Die Ampel plant Kürzungen im Agrarbereich. Das wollen sich die Landwirte nicht gefallen lassen – am Montag sollen Hunderte Traktoren in die Hauptstadt einrollen.

Am Montag könnte es in Berlin chaotisch werden – denn für 11 Uhr hat der Deutsche Bauernverband (DBV) bundesweit Landwirte zum Protest in der Hauptstadt aufgerufen. Seit Tagen äußern Bauern öffentlich ihren Unmut über die von der Ampel-Koalition angekündigte Streichung von Agrarsubventionen.

So demonstrierten am Samstag etwa Landwirte in der Rosenheimer Fußgängerzone in Bayern, in Niedersachsen blockierten Bauern mit ihren Traktoren in den vergangenen Tagen teilweise den Verkehr. Was steckt hinter den Protestaktionen und was ist heute in Berlin zu erwarten? Ein Überblick.

Was planen die Bauern?

Unter dem Motto "Zu viel ist zu viel! Jetzt ist Schluss!" starten die Landwirte am Montag um 11 Uhr ihre Kundgebung am Brandenburger Tor in Berlin. Dem Deutschen Bauernverband zufolge sollen auch zahlreiche Traktoren in die Hauptstadt rollen. In einem Bericht des "Tagesspiegels" ist von bis zu 1.000 Fahrzeugen die Rede. Auch die Verkehrsinformationszentrale (VIZ) erwartet mehrere Hundert Fahrzeuge. Bei der Polizei waren etwa 3.000 Menschen zu der Demo angemeldet.
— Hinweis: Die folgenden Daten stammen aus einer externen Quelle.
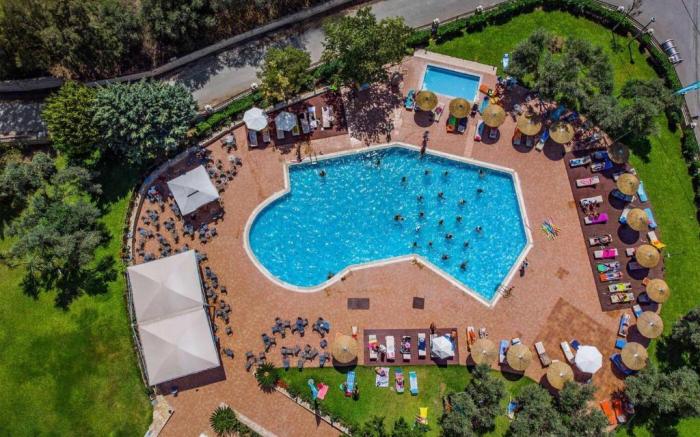 Amarynthos Resort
Als Redner sollen unter anderem Bundesagrarminister Cem Özdemir (Grüne) und Bauernpräsident Joachim Rukwied auftreten.

Am frühen Montagmorgen sammelten sich auf der Straße des 17. Juni bereits die ersten Traktoren der Demonstration, wie die VIZ auf der Plattform X (vormals Twitter) mitteilte. Die Straße sei bereits in beiden Richtungen gesperrt. Insgesamt komme es in der Zeit von 7 bis 15 Uhr auf der Straße des 17. Juni zwischen Großem Stern und Brandenburger Tor wegen der Kundgebung zu Verkehrseinschränkungen. Auch eine Sternfahrt von Traktoren zum Brandenburger Tor war laut Verkehrsinformationszentrale geplant. Die Bauern sollen demnach aus allen Himmelsrichtungen in die Stadt einfahren.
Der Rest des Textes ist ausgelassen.